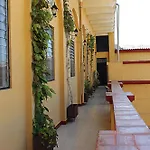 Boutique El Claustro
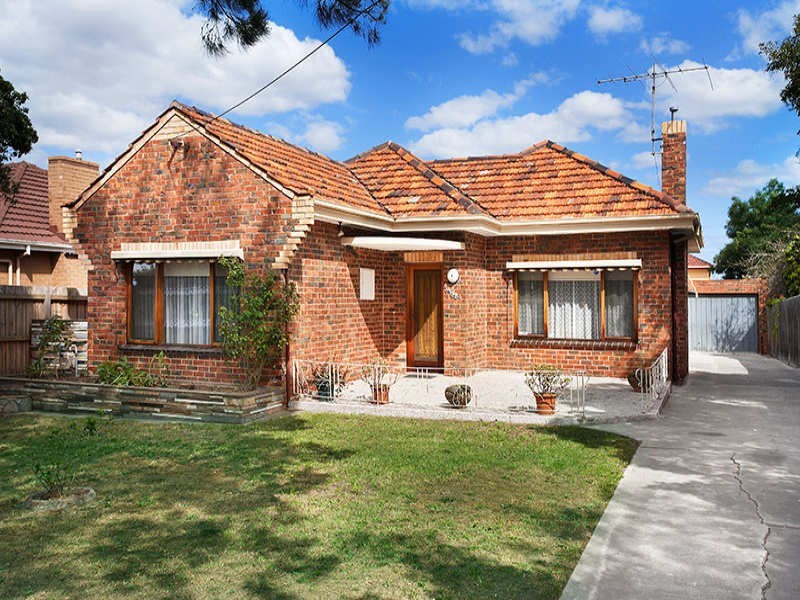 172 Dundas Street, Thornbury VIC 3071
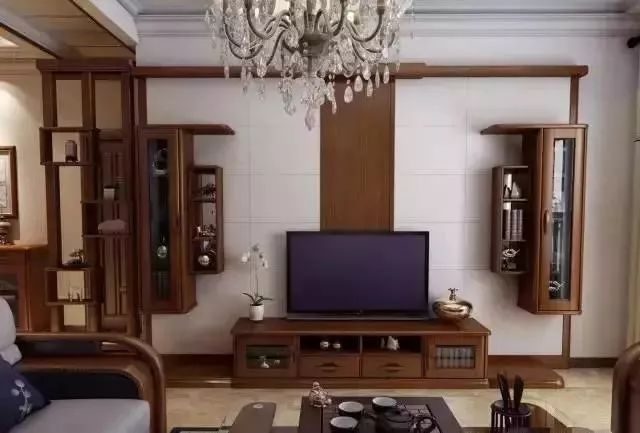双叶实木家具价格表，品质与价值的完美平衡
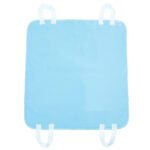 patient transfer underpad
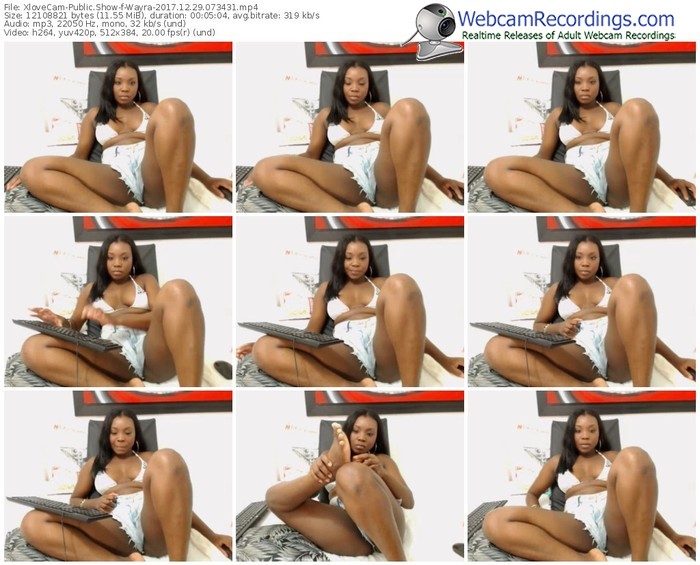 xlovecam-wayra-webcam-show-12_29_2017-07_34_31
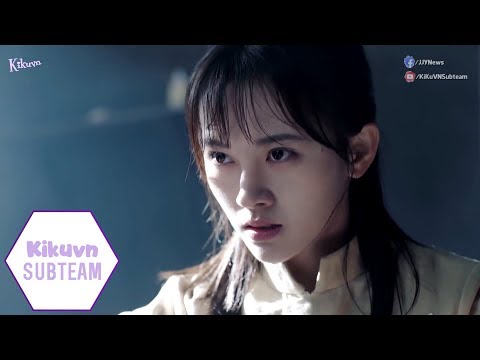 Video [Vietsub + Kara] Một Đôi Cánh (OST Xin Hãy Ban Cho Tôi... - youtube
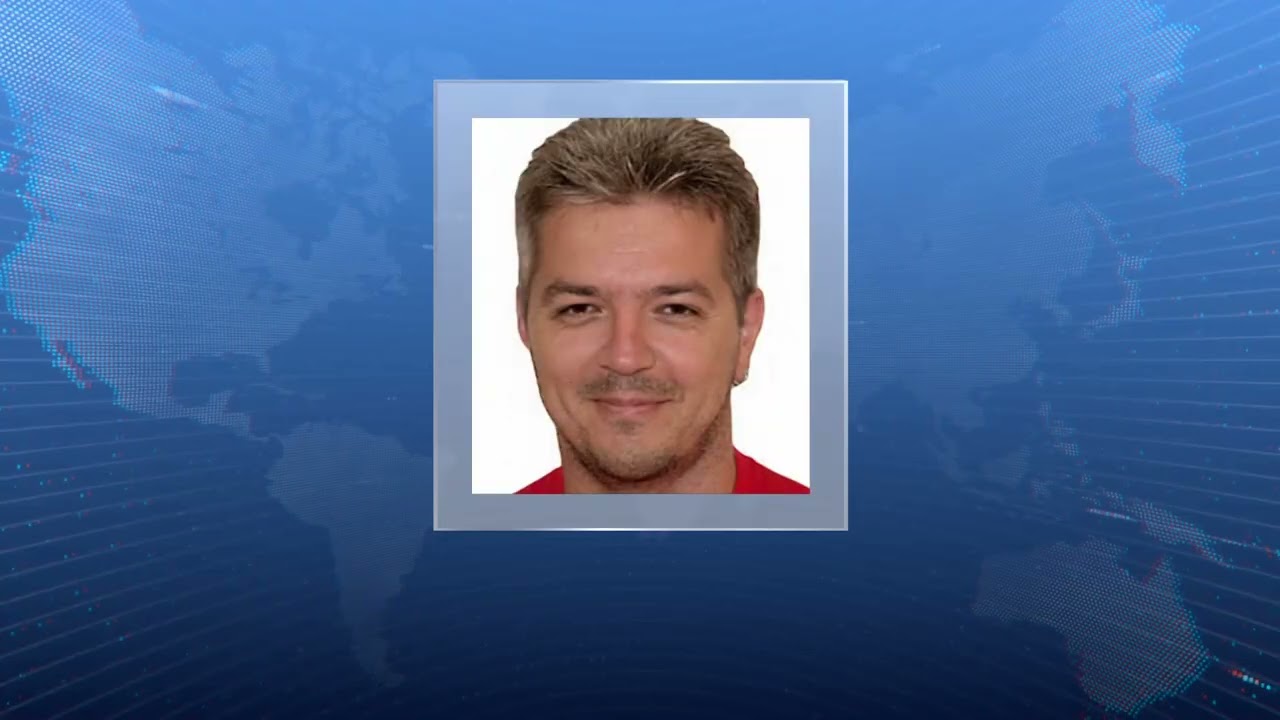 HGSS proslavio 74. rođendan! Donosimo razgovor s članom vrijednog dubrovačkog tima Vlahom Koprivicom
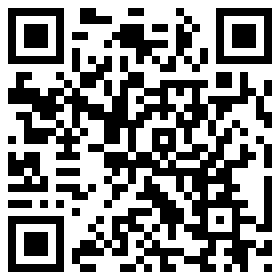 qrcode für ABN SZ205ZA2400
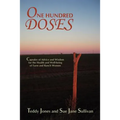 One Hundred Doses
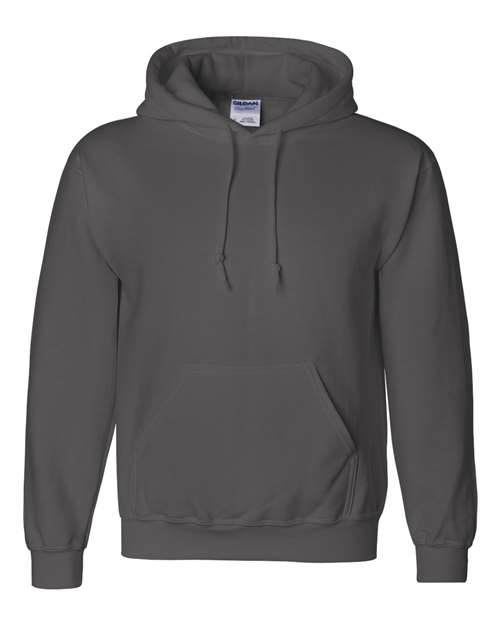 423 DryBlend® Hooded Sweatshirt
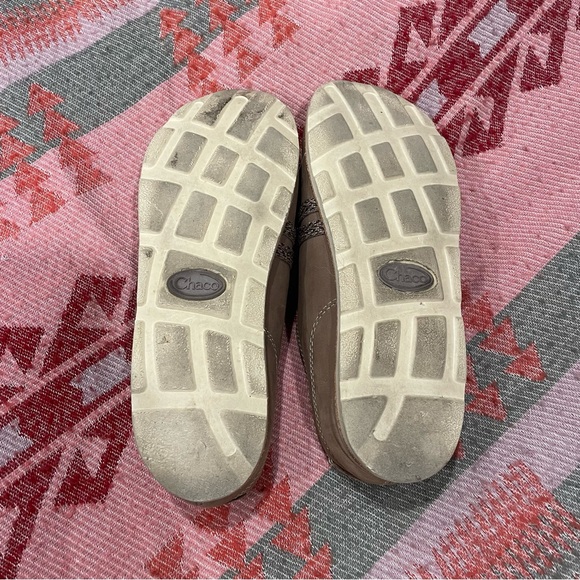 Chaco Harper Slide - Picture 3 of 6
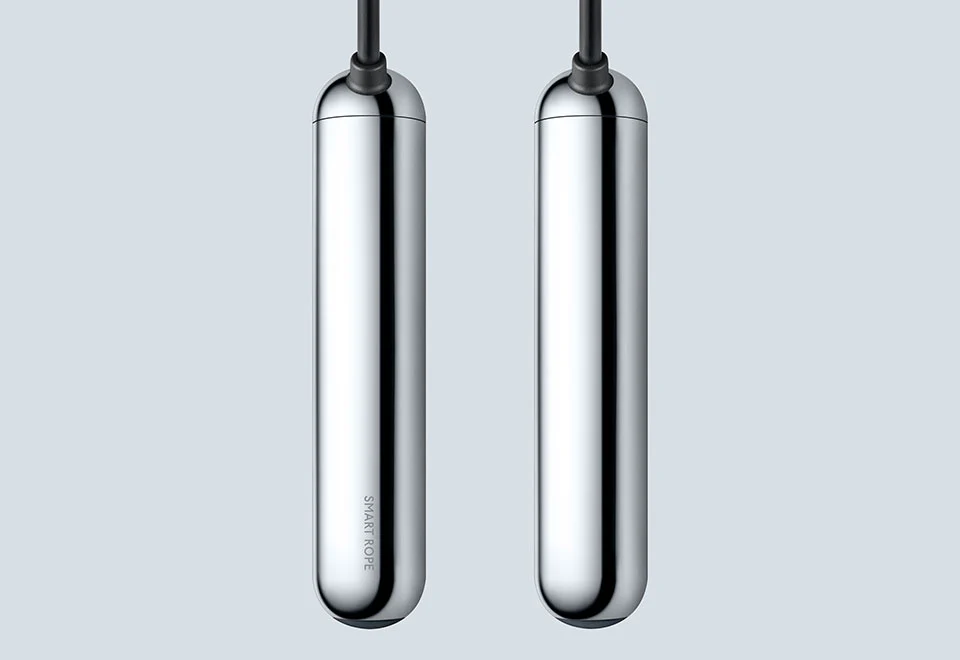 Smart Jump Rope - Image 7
━━━━
■ **Required action**
Print the data above verbatim from the first line through the line holding "Video [Vietsub +", leaving every picture out.

■ **Output of the exercise**
 Boutique El Claustro
 172 Dundas Street, Thornbury VIC 3071
双叶实木家具价格表，品质与价值的完美平衡
 patient transfer underpad
 xlovecam-wayra-webcam-show-12_29_2017-07_34_31
 Video [Vietsub + Kara] Một Đôi Cánh (OST Xin Hãy Ban Cho Tôi... - youtube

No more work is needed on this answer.